Materials and methods
1. Animal use and ethics
Experiments were conducted in agreement with the NIH Guidelines for the humane treatment of animals and were approved by the local Animal Care and Use Committee (Comissão de Ética em Cuidado e Uso Animal, Instituto de Química, USP; Permit number: 17/2013). Male, C57BL/6 wild type mice (WT, N = 64) and C57BL/6 iNOS knockout mice (KO, N = 65) were obtained from the Biotério do Conjunto das Químicas (University of São Paulo/SP) and genotyped by PCR for both iNOS KO and NNT presence (not shown). Animals were kept in air-filtered cages containing 3–4 animals with 12-hours light/dark cycles. Food and water were given ad libitum.
2. Diets
Known-component low and high fat diets (LFD and HFD, respectively) were manufactured by Pragsoluções Biociências (Brazil) based on AIN 93-M diets with some modifications [22–24], as shown in Table 1. At 8 weeks of age, regular chow was replaced by the LFD. After 2 weeks of acclimation, half of the animals were randomly kept on the LFD and half started the HFD. Body mass and food intake were monitored weekly. Food intake was converted to energy content as described in Table 1. Energy efficiency was estimated per animal as (mean body mass gain)/(food intake). After 2, 4 and 8 weeks on the HFD, mice were euthanized by cervical dislocation after overnight fasting and used for the experiments.
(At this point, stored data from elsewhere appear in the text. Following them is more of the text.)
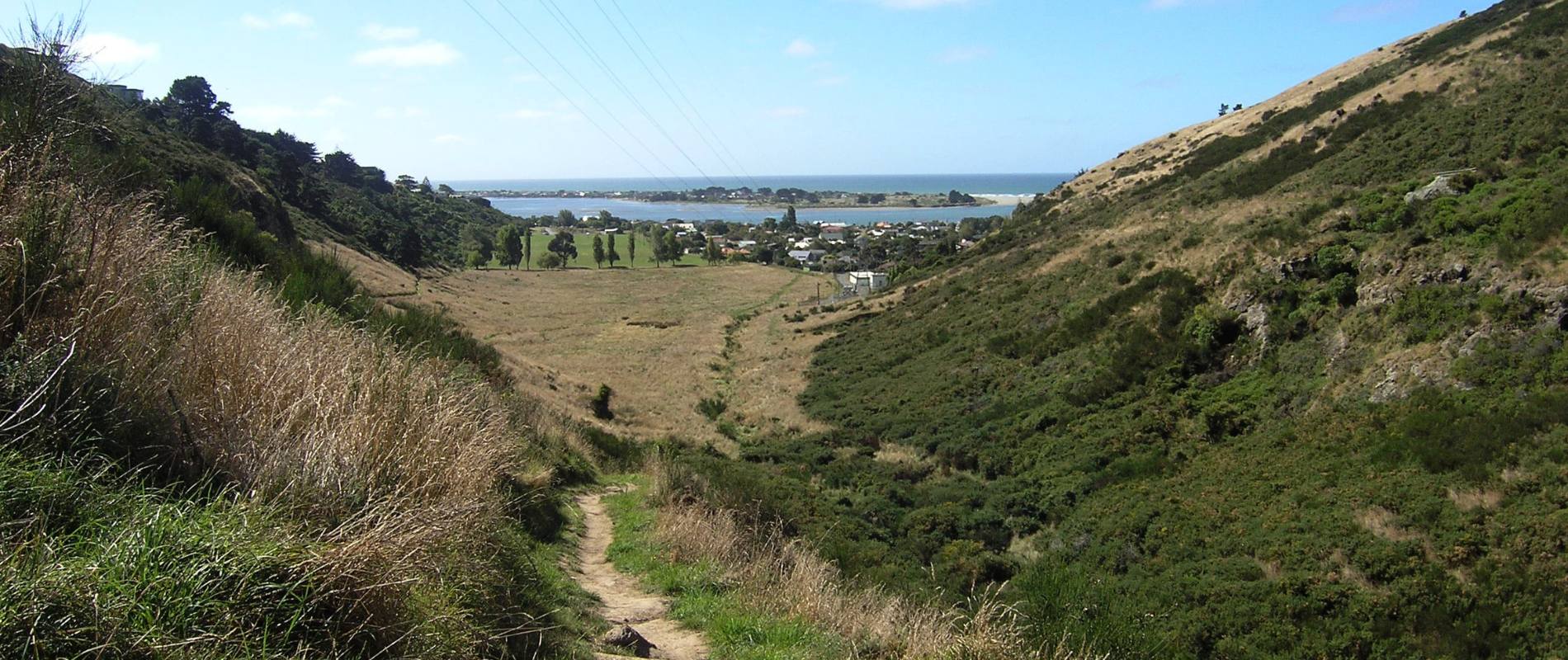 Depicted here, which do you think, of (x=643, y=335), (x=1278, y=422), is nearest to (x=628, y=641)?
(x=1278, y=422)

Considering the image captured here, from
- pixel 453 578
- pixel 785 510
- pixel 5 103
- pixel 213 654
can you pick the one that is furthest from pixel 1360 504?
pixel 5 103

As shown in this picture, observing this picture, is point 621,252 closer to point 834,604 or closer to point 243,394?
point 834,604

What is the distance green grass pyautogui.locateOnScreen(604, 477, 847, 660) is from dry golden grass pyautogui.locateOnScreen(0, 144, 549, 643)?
6.76ft

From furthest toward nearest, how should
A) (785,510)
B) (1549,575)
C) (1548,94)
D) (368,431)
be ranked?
1. (1548,94)
2. (785,510)
3. (1549,575)
4. (368,431)

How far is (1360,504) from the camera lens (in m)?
13.8

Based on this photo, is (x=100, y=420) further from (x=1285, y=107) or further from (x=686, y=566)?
(x=1285, y=107)

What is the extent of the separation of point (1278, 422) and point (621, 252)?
5212 inches

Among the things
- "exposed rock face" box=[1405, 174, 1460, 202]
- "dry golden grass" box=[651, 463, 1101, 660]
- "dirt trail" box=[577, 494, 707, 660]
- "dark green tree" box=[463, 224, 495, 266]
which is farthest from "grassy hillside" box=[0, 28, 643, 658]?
"dark green tree" box=[463, 224, 495, 266]

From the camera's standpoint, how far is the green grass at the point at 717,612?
627 centimetres

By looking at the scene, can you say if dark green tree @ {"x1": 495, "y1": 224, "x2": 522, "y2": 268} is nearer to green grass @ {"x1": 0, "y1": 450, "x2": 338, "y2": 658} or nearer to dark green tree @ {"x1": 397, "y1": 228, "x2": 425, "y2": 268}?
dark green tree @ {"x1": 397, "y1": 228, "x2": 425, "y2": 268}

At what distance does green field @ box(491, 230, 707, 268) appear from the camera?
131125 millimetres

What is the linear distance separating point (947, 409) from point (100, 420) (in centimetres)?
2712

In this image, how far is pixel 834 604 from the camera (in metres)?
7.41

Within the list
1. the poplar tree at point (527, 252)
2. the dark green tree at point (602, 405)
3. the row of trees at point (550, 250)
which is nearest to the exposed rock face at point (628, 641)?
the dark green tree at point (602, 405) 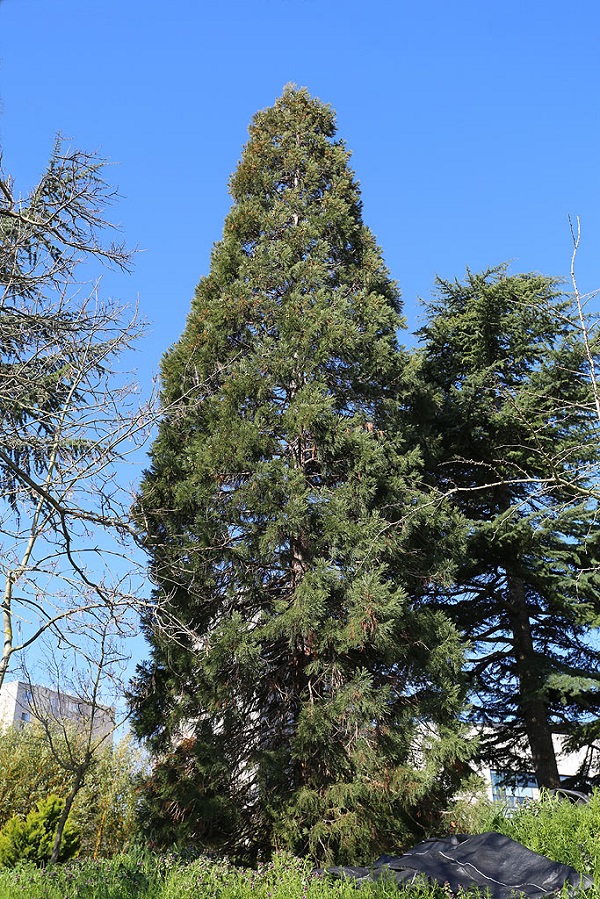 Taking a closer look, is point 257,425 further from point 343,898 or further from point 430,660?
point 343,898

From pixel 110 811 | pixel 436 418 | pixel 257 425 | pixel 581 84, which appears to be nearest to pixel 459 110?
pixel 581 84

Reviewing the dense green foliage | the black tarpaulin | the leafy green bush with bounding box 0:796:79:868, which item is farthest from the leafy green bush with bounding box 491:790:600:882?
the dense green foliage

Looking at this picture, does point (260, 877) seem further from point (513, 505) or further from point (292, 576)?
point (513, 505)

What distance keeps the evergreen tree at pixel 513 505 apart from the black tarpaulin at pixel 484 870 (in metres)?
5.61

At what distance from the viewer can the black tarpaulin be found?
16.6 ft

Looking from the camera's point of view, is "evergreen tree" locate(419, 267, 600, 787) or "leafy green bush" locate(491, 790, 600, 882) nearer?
"leafy green bush" locate(491, 790, 600, 882)

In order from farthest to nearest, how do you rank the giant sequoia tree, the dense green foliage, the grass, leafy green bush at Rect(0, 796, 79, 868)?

3. Indirect calorimetry and spontaneous physical activity
Eight-week LFD and HFD-fed mice were individualized in Columbus Instruments Comprehensive Lab Animal Monitoring System (CLAMS) cages for 24 hours for acclimation plus 24 hours for measurements. Oxygen consumption, CO2 production and locomotion were recorded for each animal every 4 minutes. Respiratory exchange ratios (RER) and energy expenditure (or “Heat”) were acquired by the equipment, respectively, as VCO2/VO2 and (3.815+1.232*RER)*VO2, as described in the manufacturer’s manual. Spontaneous physical activity (SPA) was calculated as the sum of the total XYZ axis infrared beam breaks.
4. Body composition
Eight-week LFD and HFD-fed mouse body composition was assessed by nuclear magnetic resonance in a Bruker's Minispec LF50 Body Composition Analyzer (WT N = 12, KO N = 9).
5. Insulin tolerance test
After 6 hours of morning fasting, insulin (0.6 units/kg body mass) was injected into the peritoneal cavity. Glucose concentrations were determined at 0, 10, 15, 30 and 60 minutes after insulin injection using a digital glucose meter (Roche). The analysis involved integrating the values obtained as a function of time. Measurements were done a few days prior to tissue isolations from the same animals, hence the slightly earlier time points.
6. Glucose tolerance test
After 6 hours of morning fasting, glucose (1 g/kg body mass) was administrated by gavage. Glucose concentrations were determined at 0, 15, 30, 60, 90 and 120 minutes after gavage using a digital glucose meter (Roche). The analysis involved integrating the values obtained as a function of time. Measurements were done a few days after ITT.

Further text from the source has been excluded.